▶ _What is required_
Beginning at the line that contains "Maine Coon Cat", output each line exactly through the end of the records, and drop any pictures.
Top of Input records
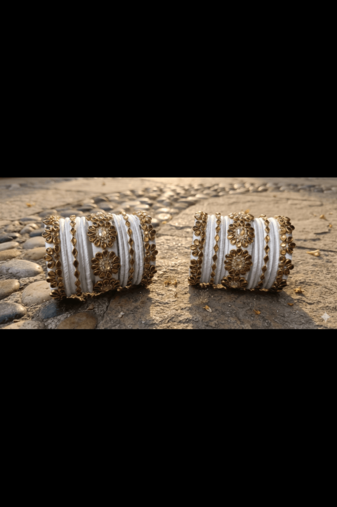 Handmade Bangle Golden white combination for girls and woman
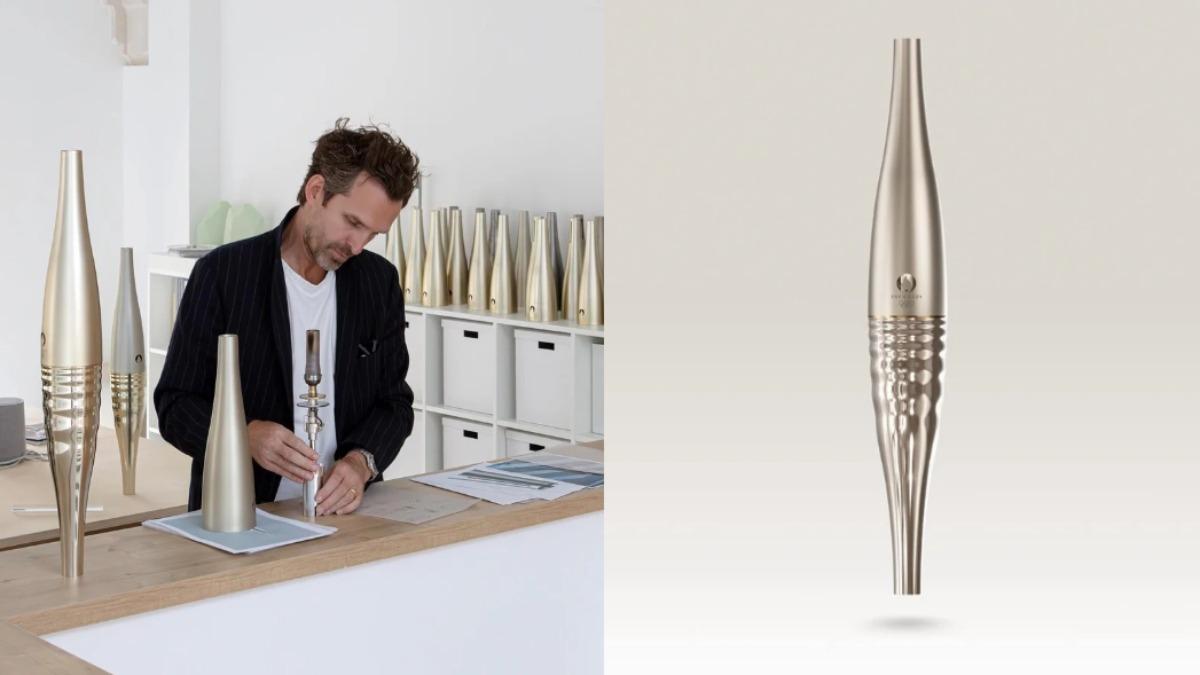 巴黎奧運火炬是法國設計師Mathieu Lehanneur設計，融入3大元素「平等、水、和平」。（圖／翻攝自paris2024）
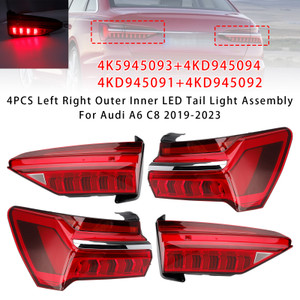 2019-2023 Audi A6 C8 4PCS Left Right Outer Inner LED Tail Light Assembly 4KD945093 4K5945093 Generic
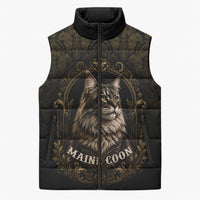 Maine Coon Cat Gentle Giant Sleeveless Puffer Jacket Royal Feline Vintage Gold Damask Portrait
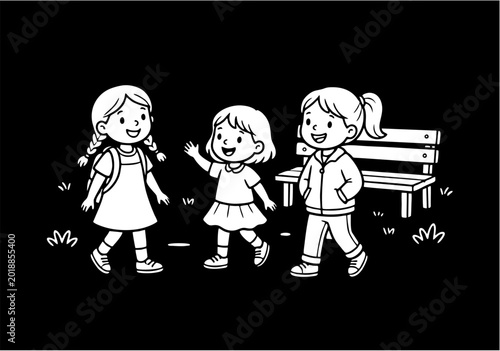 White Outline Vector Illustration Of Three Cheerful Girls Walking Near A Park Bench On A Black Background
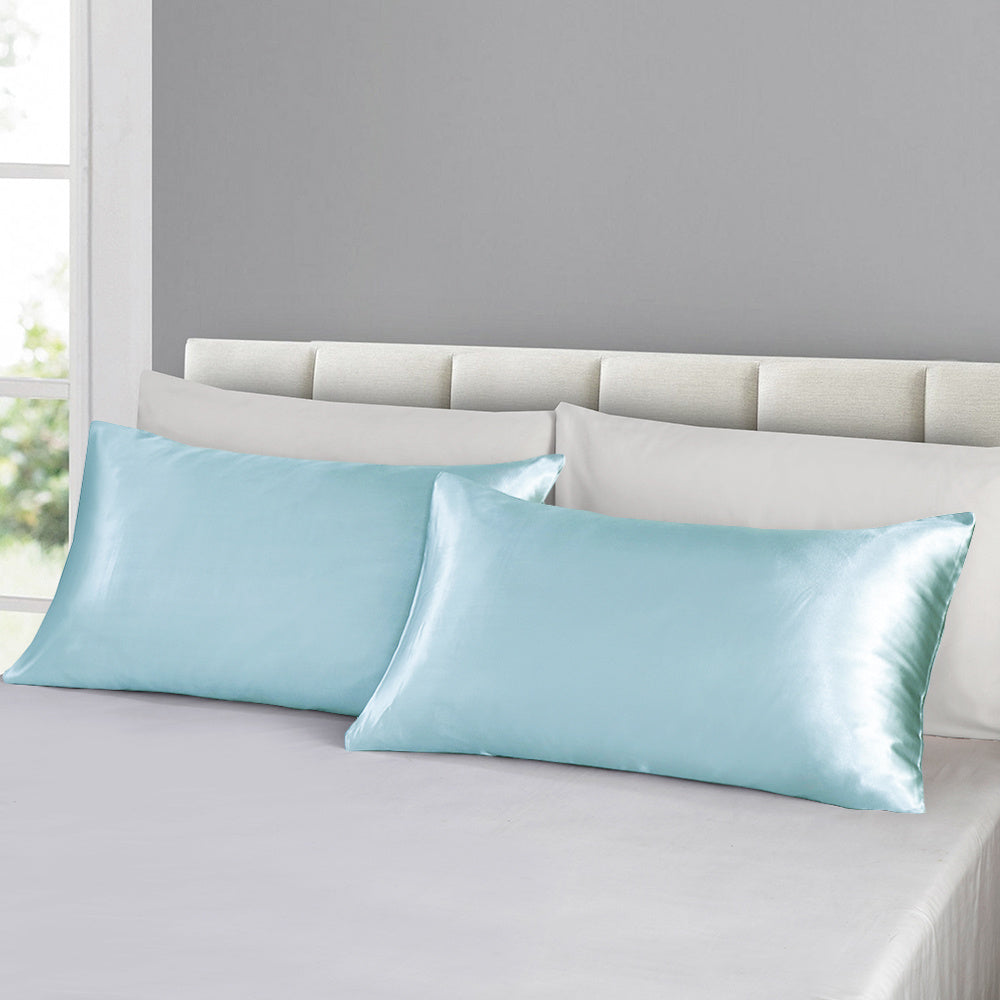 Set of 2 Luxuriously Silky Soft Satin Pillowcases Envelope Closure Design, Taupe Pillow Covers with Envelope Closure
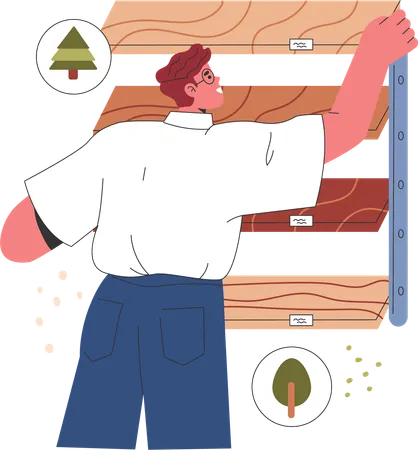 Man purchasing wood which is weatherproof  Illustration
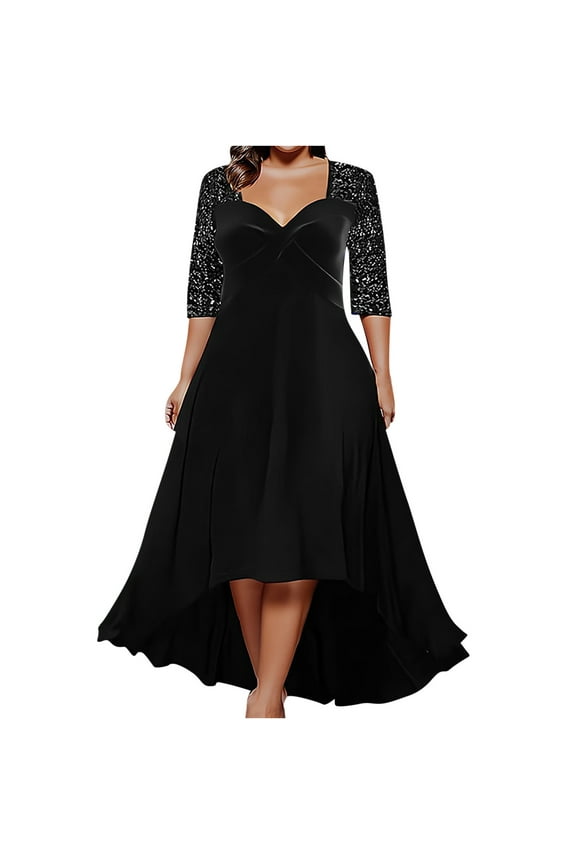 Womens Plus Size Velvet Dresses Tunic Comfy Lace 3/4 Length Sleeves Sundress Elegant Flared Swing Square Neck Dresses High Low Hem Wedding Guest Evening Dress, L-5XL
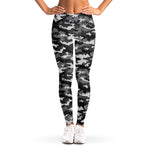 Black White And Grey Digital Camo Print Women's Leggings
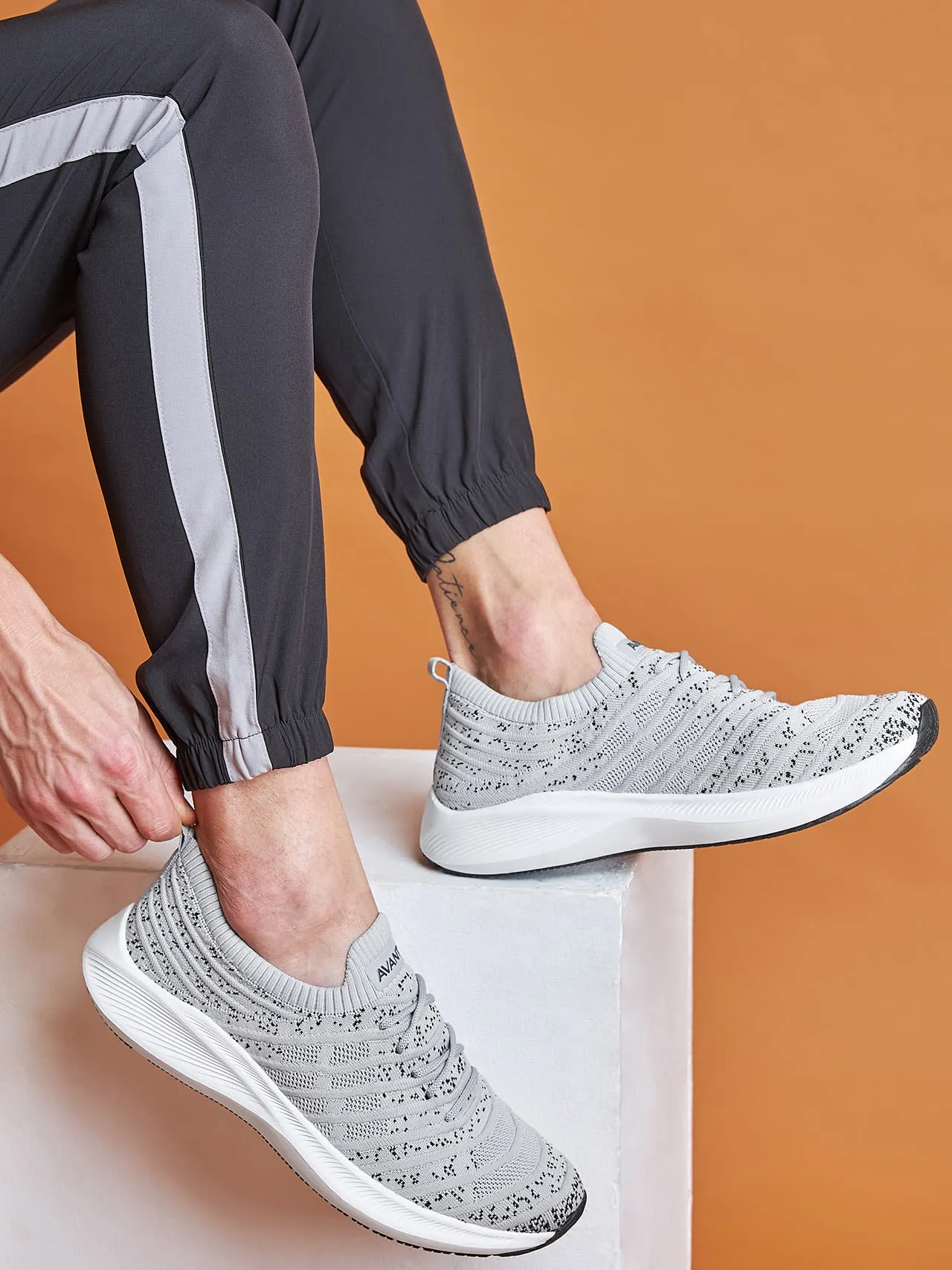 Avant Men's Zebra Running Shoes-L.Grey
Bottom of Input records
▶ _Answer to the exercise_
 Maine Coon Cat Gentle Giant Sleeveless Puffer Jacket Royal Feline Vintage Gold Damask Portrait
 White Outline Vector Illustration Of Three Cheerful Girls Walking Near A Park Bench On A Black Background
 Set of 2 Luxuriously Silky Soft Satin Pillowcases Envelope Closure Design, Taupe Pillow Covers with Envelope Closure
 Man purchasing wood which is weatherproof  Illustration
 Womens Plus Size Velvet Dresses Tunic Comfy Lace 3/4 Length Sleeves Sundress Elegant Flared Swing Square Neck Dresses High Low Hem Wedding Guest Evening Dress, L-5XL
 Black White And Grey Digital Camo Print Women's Leggings
 Avant Men's Zebra Running Shoes-L.Grey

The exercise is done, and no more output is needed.